- Opening Delimiter -

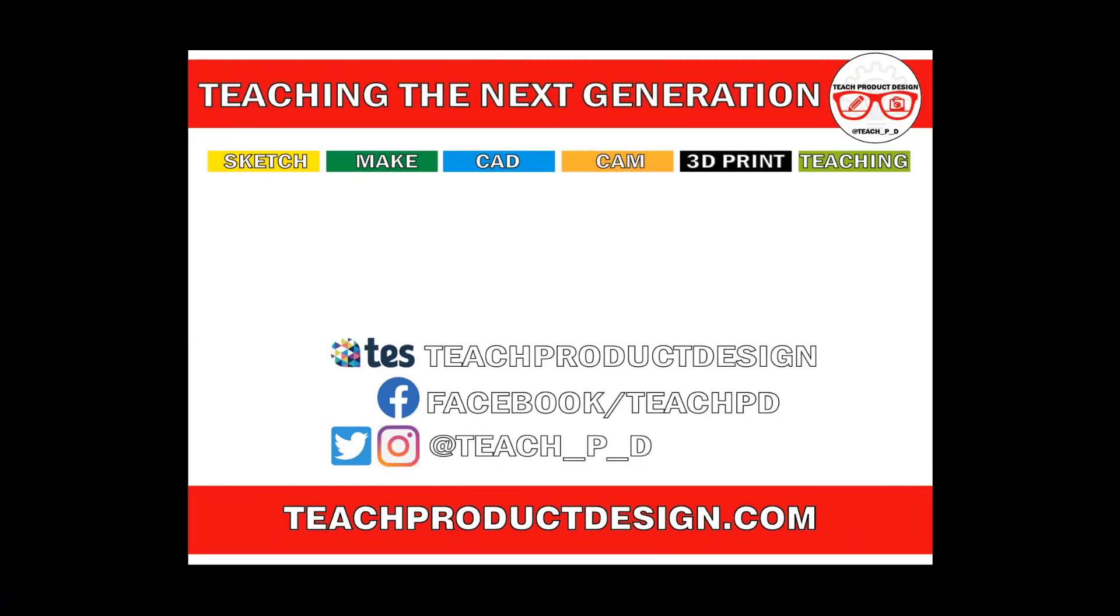Thanks for watching. If you found this content helpful, please click like and subscribe. Also check out any other resources and videos created using the links in the description. I'll see you on the next one.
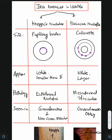Let us understand about the iris nodules and uveitis. This is a very important table. There are two important nodules in the iris: Koeppe nodules and Busacca nodules.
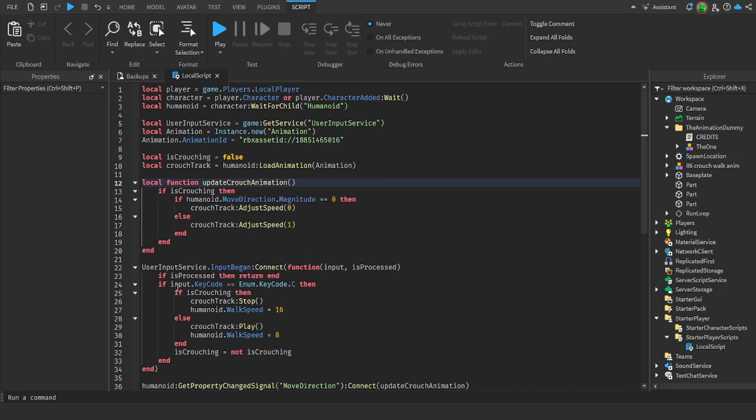Down here, you can choose what key needs to be pressed to crouch. I have it set to C, but you can make it Control or Shift if you want.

- Closing Delimiter -

_Your goal:_
Up to and including the line with "Let us understand", copy the data above from its first line. Skip pictures.

_Result of this task:_
Thanks for watching. If you found this content helpful, please click like and subscribe. Also check out any other resources and videos created using the links in the description. I'll see you on the next one.
Let us understand about the iris nodules and uveitis. This is a very important table. There are two important nodules in the iris: Koeppe nodules and Busacca nodules.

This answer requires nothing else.